The recently-merged company later today will offer a look at its various cable properties to media buyers and advertisers, and on Tuesday will debut the fall schedule for its CBS broadcast network. The two video presentations will be sent via email to clients and are designed to whet appetites on Madison Avenue, says Jo Ann Ross, the company’s president and chief U.S. advertising revenue officer, in an interview. The pitch holds that with the company’s reach, which extends from Trevor Noah to “NCIS,” ViacomCBS offerings can’t be ignored.
The media conglomerate, which owns CBS, Showtime and Nickelodeon, among other media outlets, is testing a different tactic than others approaching advertisers during a fraught season for the industry’s annual “upfront” market. NBCUniversal and Univision asked clients last week to gather at a particular time to watch a streamed presentation. ViacomCBS is making its information available on demand.
“We will have different portals available, so you can go whenever – look at research, programming – at your leisure and as you please,” says Ross, who was named to lead U.S. ad sales for the combined company in the fall of last year. “We want it to be snackable, so you can say, ‘I have 20 to 25 minutes, let me check it out.’ We will have deeper dives available that go into our innovations and capabilities and advanced advertising options.”

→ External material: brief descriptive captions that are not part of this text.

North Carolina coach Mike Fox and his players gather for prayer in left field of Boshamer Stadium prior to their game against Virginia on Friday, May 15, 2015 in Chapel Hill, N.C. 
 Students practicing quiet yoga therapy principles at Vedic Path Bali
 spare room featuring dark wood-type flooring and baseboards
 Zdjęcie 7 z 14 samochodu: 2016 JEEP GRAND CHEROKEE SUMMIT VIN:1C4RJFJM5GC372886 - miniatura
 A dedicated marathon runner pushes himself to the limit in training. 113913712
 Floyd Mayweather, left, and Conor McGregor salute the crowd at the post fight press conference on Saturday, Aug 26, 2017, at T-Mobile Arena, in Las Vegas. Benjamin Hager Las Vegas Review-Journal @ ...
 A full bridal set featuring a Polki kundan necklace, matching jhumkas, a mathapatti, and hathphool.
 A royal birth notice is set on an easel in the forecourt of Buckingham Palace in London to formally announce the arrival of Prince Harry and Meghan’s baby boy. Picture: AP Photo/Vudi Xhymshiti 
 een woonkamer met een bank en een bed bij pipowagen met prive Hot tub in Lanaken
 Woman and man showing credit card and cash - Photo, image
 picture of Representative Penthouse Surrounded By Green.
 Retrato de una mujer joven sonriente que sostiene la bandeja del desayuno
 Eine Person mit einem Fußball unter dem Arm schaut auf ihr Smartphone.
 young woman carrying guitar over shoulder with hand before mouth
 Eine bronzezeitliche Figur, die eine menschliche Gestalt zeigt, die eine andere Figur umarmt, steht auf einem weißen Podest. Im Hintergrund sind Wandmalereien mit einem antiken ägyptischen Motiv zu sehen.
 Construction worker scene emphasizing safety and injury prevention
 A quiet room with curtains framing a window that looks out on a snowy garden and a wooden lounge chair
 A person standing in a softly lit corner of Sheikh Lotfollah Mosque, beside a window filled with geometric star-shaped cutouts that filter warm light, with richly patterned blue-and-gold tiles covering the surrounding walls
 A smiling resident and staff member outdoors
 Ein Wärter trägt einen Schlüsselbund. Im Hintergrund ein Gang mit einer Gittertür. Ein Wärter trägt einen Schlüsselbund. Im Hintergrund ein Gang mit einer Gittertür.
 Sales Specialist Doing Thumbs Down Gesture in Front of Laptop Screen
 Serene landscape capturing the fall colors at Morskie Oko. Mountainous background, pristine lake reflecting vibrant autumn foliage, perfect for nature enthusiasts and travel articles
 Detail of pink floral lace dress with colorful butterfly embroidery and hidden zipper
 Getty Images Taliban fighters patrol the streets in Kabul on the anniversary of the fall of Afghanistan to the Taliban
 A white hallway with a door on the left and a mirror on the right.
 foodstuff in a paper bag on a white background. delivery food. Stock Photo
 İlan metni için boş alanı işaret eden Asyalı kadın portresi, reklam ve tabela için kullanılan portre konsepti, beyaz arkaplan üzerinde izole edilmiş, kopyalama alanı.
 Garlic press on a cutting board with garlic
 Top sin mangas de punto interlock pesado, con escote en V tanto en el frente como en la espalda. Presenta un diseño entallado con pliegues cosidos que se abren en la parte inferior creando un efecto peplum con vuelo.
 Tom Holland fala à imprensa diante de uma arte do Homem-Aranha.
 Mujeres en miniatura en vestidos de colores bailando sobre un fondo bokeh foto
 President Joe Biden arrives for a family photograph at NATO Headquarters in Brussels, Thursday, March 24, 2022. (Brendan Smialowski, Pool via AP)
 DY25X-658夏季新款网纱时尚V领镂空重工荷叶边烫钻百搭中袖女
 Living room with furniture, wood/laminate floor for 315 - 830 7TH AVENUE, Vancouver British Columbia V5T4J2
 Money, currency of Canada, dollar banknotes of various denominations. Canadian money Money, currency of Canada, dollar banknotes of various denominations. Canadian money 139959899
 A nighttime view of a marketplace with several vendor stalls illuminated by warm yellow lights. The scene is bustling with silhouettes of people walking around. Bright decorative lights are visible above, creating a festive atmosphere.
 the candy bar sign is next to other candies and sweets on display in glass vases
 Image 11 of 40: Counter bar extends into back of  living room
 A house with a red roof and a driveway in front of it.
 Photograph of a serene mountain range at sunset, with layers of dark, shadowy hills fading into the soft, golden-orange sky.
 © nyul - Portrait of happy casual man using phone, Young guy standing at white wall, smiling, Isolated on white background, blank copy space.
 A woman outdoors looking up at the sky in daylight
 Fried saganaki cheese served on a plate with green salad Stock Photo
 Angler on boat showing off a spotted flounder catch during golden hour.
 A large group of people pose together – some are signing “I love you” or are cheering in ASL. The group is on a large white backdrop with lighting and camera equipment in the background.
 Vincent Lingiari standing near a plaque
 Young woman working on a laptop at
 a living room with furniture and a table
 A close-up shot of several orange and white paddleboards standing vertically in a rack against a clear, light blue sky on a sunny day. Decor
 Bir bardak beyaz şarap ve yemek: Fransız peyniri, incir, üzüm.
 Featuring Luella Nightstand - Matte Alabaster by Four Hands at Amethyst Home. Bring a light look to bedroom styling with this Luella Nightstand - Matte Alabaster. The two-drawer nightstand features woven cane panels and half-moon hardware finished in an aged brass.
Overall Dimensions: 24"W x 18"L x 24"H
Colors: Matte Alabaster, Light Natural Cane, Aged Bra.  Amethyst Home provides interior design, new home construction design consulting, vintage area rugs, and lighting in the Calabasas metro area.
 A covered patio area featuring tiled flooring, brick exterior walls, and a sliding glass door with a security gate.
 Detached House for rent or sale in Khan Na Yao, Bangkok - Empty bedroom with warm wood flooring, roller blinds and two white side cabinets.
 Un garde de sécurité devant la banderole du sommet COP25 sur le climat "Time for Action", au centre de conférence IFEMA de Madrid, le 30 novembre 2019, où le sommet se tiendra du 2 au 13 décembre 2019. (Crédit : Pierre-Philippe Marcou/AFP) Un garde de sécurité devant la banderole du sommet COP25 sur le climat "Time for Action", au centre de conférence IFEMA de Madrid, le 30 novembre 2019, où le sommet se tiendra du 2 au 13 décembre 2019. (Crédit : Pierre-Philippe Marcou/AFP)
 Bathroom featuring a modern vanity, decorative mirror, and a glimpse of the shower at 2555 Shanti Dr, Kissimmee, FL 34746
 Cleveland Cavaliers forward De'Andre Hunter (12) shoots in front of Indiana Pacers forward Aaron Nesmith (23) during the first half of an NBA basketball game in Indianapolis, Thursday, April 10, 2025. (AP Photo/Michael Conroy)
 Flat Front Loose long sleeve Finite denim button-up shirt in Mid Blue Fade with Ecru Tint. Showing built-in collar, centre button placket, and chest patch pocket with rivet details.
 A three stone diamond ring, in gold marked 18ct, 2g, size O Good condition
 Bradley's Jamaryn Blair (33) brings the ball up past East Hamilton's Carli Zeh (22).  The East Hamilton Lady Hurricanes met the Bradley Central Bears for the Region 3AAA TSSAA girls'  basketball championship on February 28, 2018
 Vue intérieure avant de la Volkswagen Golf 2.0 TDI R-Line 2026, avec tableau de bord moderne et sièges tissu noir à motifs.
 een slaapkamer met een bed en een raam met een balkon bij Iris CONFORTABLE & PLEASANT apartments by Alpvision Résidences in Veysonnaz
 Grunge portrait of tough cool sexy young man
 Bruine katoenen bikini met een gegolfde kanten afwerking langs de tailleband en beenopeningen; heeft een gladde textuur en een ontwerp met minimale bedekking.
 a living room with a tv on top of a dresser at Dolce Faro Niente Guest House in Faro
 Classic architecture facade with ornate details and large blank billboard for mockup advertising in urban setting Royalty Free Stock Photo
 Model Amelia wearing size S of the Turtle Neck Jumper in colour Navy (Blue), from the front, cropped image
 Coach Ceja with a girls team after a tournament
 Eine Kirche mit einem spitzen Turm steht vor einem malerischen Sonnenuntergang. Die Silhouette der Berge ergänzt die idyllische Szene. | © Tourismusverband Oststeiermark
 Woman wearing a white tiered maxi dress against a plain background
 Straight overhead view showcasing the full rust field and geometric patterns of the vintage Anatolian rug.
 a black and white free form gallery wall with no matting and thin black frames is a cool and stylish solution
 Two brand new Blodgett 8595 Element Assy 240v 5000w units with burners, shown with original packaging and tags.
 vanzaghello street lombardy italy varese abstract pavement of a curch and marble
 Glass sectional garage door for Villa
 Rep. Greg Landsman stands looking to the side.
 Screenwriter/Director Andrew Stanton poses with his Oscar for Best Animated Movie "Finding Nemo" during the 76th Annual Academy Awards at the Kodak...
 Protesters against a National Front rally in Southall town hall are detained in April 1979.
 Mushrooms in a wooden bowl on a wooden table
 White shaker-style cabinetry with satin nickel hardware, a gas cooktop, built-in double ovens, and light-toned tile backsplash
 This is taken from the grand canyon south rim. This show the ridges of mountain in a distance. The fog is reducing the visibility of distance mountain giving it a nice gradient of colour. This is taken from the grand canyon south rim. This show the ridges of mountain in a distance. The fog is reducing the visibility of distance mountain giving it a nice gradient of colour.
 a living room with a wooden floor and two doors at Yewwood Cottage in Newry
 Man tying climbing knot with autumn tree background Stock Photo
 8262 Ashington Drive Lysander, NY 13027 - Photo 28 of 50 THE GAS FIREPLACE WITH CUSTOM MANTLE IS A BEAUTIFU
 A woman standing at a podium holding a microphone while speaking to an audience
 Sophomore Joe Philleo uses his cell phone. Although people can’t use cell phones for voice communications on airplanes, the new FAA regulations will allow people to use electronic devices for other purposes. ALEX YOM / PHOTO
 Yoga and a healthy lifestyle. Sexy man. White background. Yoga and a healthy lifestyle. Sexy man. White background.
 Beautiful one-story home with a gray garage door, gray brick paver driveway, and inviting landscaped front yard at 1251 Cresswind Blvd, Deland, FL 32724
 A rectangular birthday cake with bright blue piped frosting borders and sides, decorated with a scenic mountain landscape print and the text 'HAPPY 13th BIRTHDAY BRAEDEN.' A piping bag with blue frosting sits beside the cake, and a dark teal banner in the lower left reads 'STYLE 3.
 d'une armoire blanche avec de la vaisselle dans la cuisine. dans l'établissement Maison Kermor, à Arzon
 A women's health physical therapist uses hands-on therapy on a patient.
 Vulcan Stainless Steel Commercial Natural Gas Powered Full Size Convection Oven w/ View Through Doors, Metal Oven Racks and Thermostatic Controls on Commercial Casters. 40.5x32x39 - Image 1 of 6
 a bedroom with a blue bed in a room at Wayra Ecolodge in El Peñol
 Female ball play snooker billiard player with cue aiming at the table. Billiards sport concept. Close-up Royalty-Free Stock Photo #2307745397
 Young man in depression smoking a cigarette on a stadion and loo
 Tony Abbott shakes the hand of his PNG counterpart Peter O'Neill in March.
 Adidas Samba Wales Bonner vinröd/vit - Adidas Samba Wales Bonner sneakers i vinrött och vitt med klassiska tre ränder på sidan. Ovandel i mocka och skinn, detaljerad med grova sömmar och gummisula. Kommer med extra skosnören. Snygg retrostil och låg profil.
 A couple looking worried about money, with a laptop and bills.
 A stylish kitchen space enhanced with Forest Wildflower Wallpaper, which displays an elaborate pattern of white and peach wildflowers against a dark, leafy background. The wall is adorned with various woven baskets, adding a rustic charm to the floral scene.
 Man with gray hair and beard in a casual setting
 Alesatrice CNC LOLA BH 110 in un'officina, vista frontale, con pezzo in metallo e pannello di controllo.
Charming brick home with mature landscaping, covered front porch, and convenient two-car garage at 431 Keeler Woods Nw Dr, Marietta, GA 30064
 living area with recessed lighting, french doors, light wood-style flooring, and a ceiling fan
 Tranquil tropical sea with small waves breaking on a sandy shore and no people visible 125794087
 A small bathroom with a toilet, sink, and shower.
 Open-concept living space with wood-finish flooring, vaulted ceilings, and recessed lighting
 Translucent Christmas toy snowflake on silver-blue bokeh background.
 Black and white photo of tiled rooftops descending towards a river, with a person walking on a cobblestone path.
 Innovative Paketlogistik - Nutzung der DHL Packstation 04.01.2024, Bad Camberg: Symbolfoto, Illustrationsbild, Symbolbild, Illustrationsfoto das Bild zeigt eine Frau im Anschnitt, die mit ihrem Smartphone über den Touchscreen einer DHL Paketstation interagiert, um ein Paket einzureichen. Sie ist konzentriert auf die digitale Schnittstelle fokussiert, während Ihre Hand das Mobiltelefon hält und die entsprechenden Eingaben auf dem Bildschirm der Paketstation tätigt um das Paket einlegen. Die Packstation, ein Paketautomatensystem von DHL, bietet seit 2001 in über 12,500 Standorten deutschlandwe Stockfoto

Like its rivals, ViacomCBS faces an uncertain advertising market, with several major classes of sponsors pulling back commercial spend due to the coronavirus pandemic. Ross says she is seeing signs that buying activity is starting to improve. “Clients who may have had supply-chain issues, or distribution issues – more than a handful of those clients are reactivating, so to speak – if they took money back, they are coming back into the marketplace,” she says. “As the country reopens, I am optimistic looking forward we will be seeing some of the first stirrings from some of those major categories that were being more cautious.”
ViacomCBS’ backers have long hoped the combination of the two predecessor companies’ properties would lure new ad deals and spending, and Ross says the two presentations this week will aim to show advertisers what is available to them. “We have something in every content category, whether it is news, or sports or general entertainment,” she says. And based on individual client’s interest or marketing goals, she says ViacomCBS will work on “threading the needle,” or helping advertisers find their most likely customers across the company.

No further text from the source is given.